* Exercise *
Give the lines below again, exactly as they stand, and leave out the images.

* Supplied information *
* * *

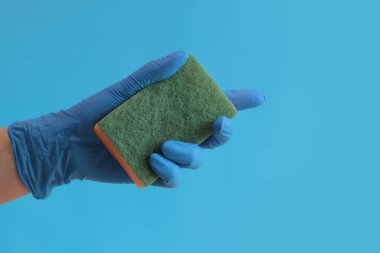 Elde sünger, odada ıslak temizlik, parlak mavi arka plan. Tabakların çeşitli yerlerini temizlemek için süngerli eldiven giymiş bir kadın eli. Temizlik. Bulaşıkları yıka. Ev hanımı.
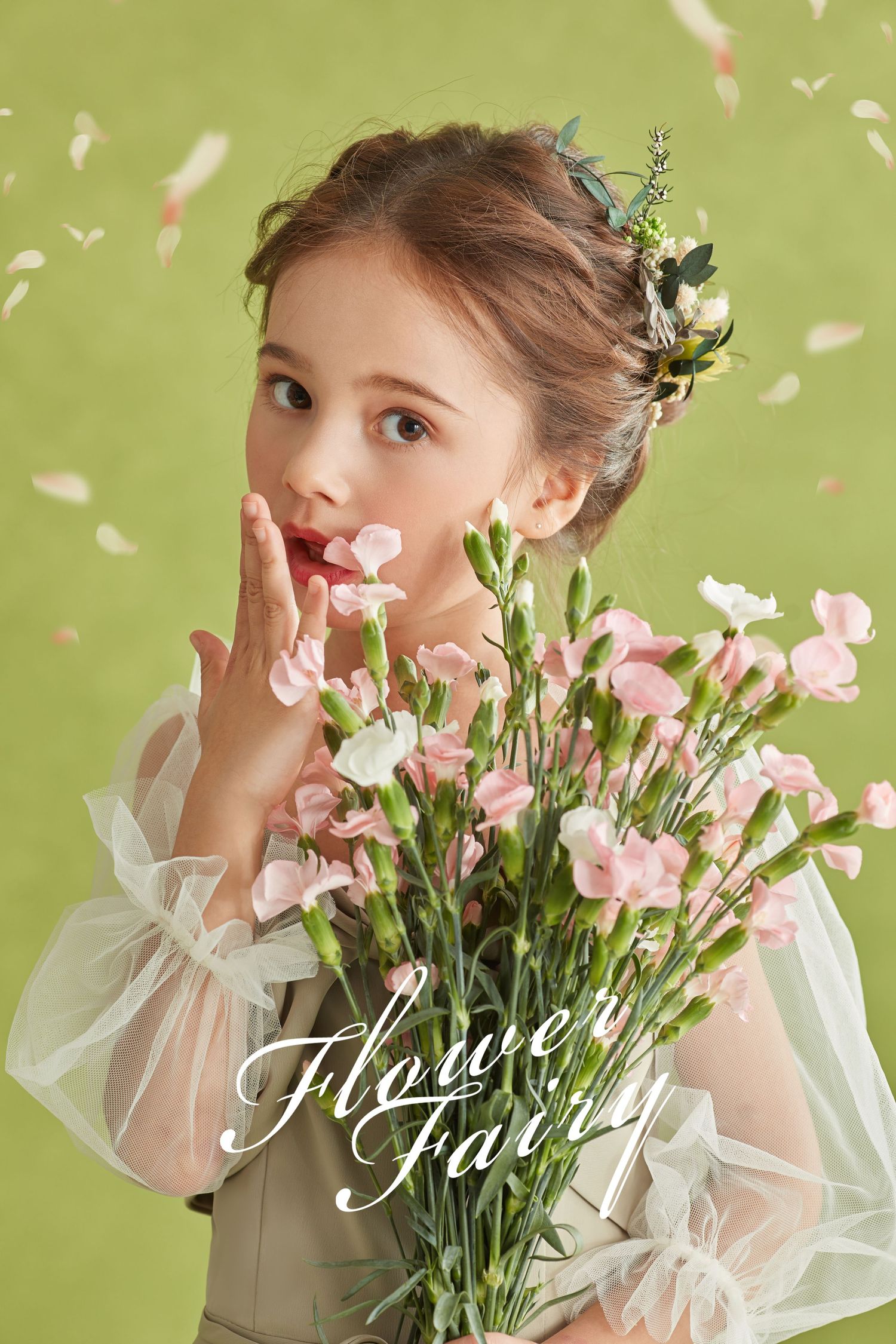 Surprised young girl with floral hair accessory holds pink carnations in green setting.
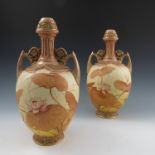 A pair of Royal Worcester blush ivory vases, with pierced tops, embossed necks, a pair of handles,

* * *

* Answer to the problem *
 Elde sünger, odada ıslak temizlik, parlak mavi arka plan. Tabakların çeşitli yerlerini temizlemek için süngerli eldiven giymiş bir kadın eli. Temizlik. Bulaşıkları yıka. Ev hanımı.
 Surprised young girl with floral hair accessory holds pink carnations in green setting.
 A pair of Royal Worcester blush ivory vases, with pierced tops, embossed necks, a pair of handles,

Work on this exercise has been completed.